Problem details: In the data below, find the line containing "Narożnik Amalfi 275x159 Cm Kremowy Prawy" and the line containing "Toba esapament intermediara", then reproduce them and every line between, exactly. Omit pictures.

Exercise materials:
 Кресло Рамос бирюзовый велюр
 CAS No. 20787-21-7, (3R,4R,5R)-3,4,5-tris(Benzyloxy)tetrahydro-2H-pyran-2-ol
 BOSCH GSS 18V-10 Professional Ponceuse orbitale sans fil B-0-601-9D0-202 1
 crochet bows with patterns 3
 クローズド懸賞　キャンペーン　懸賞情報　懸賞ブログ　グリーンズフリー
--
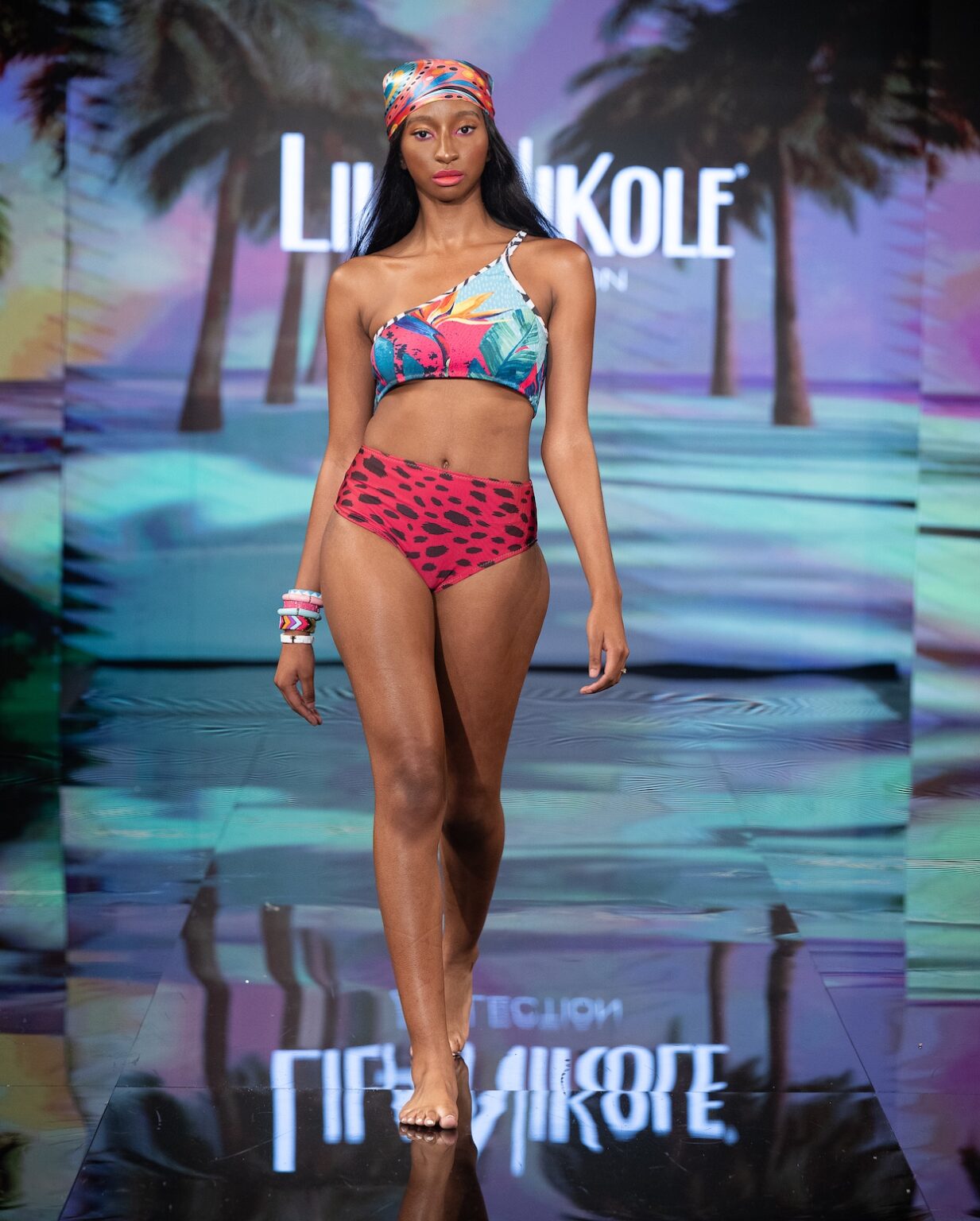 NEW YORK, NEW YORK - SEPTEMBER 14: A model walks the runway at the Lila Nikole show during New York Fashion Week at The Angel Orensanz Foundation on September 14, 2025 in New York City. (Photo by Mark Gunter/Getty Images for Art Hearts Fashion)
--
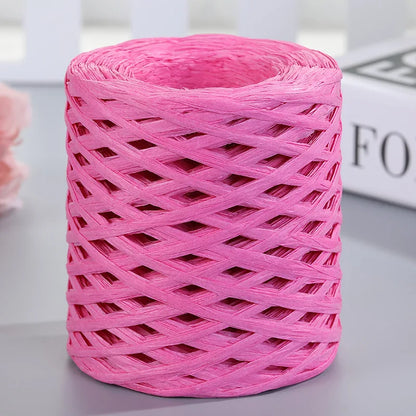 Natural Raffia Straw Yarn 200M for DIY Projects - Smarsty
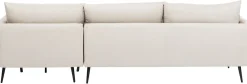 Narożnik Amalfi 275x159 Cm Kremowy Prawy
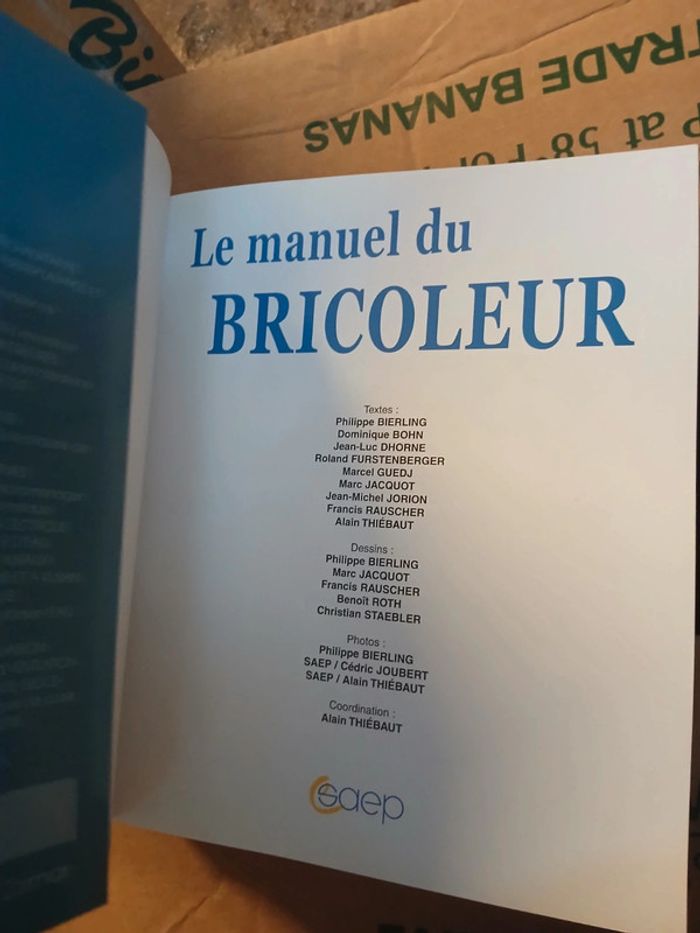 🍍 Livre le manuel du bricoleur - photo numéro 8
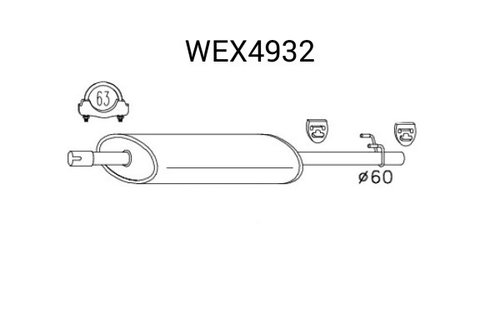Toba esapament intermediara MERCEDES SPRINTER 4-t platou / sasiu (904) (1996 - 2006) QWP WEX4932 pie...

Exercise result:
 Narożnik Amalfi 275x159 Cm Kremowy Prawy
 🍍 Livre le manuel du bricoleur - photo numéro 8
Toba esapament intermediara MERCEDES SPRINTER 4-t platou / sasiu (904) (1996 - 2006) QWP WEX4932 pie...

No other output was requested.